You can't hug a check


For most of my life, I have had a complicated relationship with money.

We weren’t poor. My parents paid for things. We were provided for. But money in our house was never neutral. It was watched. It was negotiated. It was weaponized.

My mother taught me early that the man controls the money. He decides. He approves. You justify the ask in order to be provided for. Don’t ask for too much. Don’t appear ungrateful.

She reinforced that lesson in quiet ways.

We would go school shopping and she would buy what I needed. But when she paid, I watched her write “groceries” in the checkbook. Sometimes she split the total into multiple checks to make the amounts look smaller. Afterward, she would lean toward me and say, “Don’t tell your father.”

If he was home when we returned, the bags stayed in the trunk. I wasn’t allowed to bring them inside until he left. Once they were in my room, I had to remove the tags so there would be no visible proof of cost hanging in my closet.

But he was always watching.

If I wore something new, he would narrow his eyes and ask, “When did you get that?”

In those moments, I felt trapped. Do I tell the truth and betray my mother? Or lie and risk being caught?

If I lied and he sensed it, the hitting would come. My mother would stay silent.

Money was never offered. It had to be requested, and requesting meant exposure.

My father controlled it completely. My mother deferred to him in everything financial. She would say, “Go ask your dad,” like it was neutral, but it felt like being sent into something dangerous.

I remember standing in the hallway rehearsing the sentence. How much would I need to not feel left out? How little could I ask for so I wouldn’t be mocked?

I decided to let him be in control of the amount “Dad. I need some money for my field trip, please.”

He reached for his wallet slowly. No smile. He pulled out a single dollar bill, snapped it between his fingers, and handed it to me.

“Don’t spend it all in one place.”

He knew it wasn’t enough. I knew it wasn’t enough.

Heat rushed to my face. Shame crawled up my neck. If I reacted, it would escalate. If I showed gratitude, I would betray myself. I started crying anyway.

“Don’t be so sensitive. I was just joking.”

I learned that asking was dangerous. That provision came with scrutiny. That silence was safer than truth.

Meanwhile, my father spent freely on himself — $300 wingtip shoes, custom monogrammed shirts, expensive suits, multiple cars. It was disorienting to be called “expensive” by the most expensive person in the house.

Over time, my body began reacting before my mind could catch up.
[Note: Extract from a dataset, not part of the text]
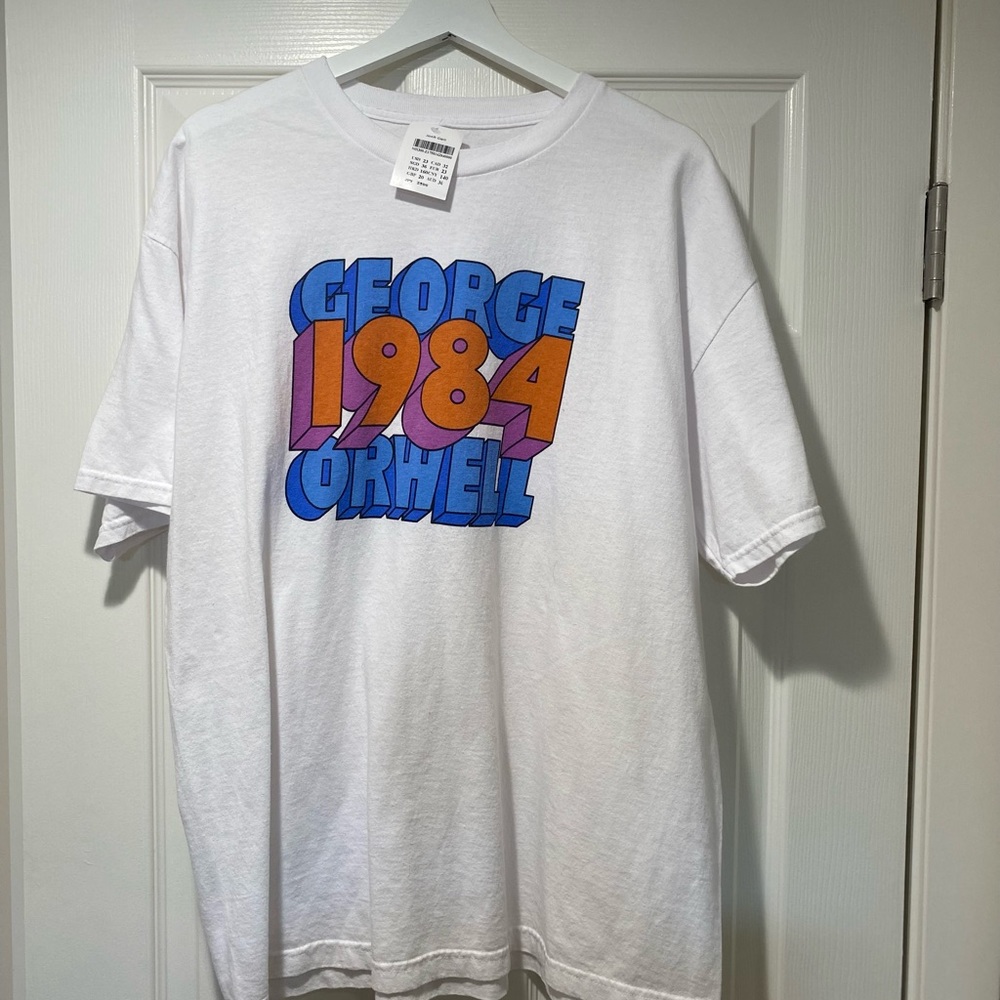 Brand new oversized graphic tee - NOT AVAILABLE ON BRANDY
Any conversation about money — spending it, asking for it, even receiving it — could trigger a surge of heat, a pounding heart, a sense of impending catastrophe. My nervous system didn’t think I was reviewing numbers; it thought I was being chased by a tiger.

This script replayed itself over and over throughout my life. And about ten years ago, I had had enough.
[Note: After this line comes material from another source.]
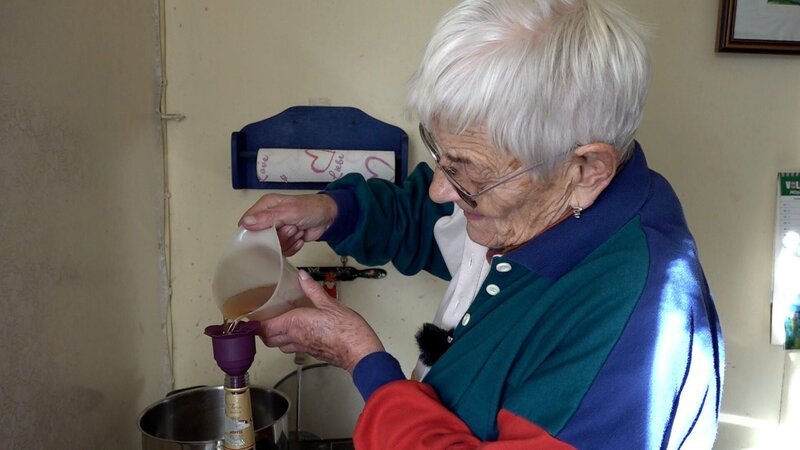 Ingrid widmet sich ihrer Quittenernte. Die 86-Jährige ist nicht nur bekannt als Backkönigin der Gartenanlage, auch ihre Liköre sind bei den Nachbarn sehr beliebt. – Bild: RTLZWEI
For Mother’s Day, the seven of us — my parents, my husband, our three children, and me — went to a steak restaurant because it was the only reservation available. When my mom told me where we were going, I immediately asked, “Are you sure Dad is okay with that? It’s expensive.” She assured me he was.

At the table, I watched him tally the bill as we ordered. I saw him scan our plates to see if we finished our food. When the check arrived, he grabbed it, looked at the total, and said loudly in front of everyone — in front of my children — “This was TOO expensive. I’ll cover it, but we won’t do this again.”

I felt humiliated. Sick. Twelve years old again.

I swallowed my rage, stood up from the table, and walked out to the valet, fighting back tears. When the car arrived, I got in without saying goodbye.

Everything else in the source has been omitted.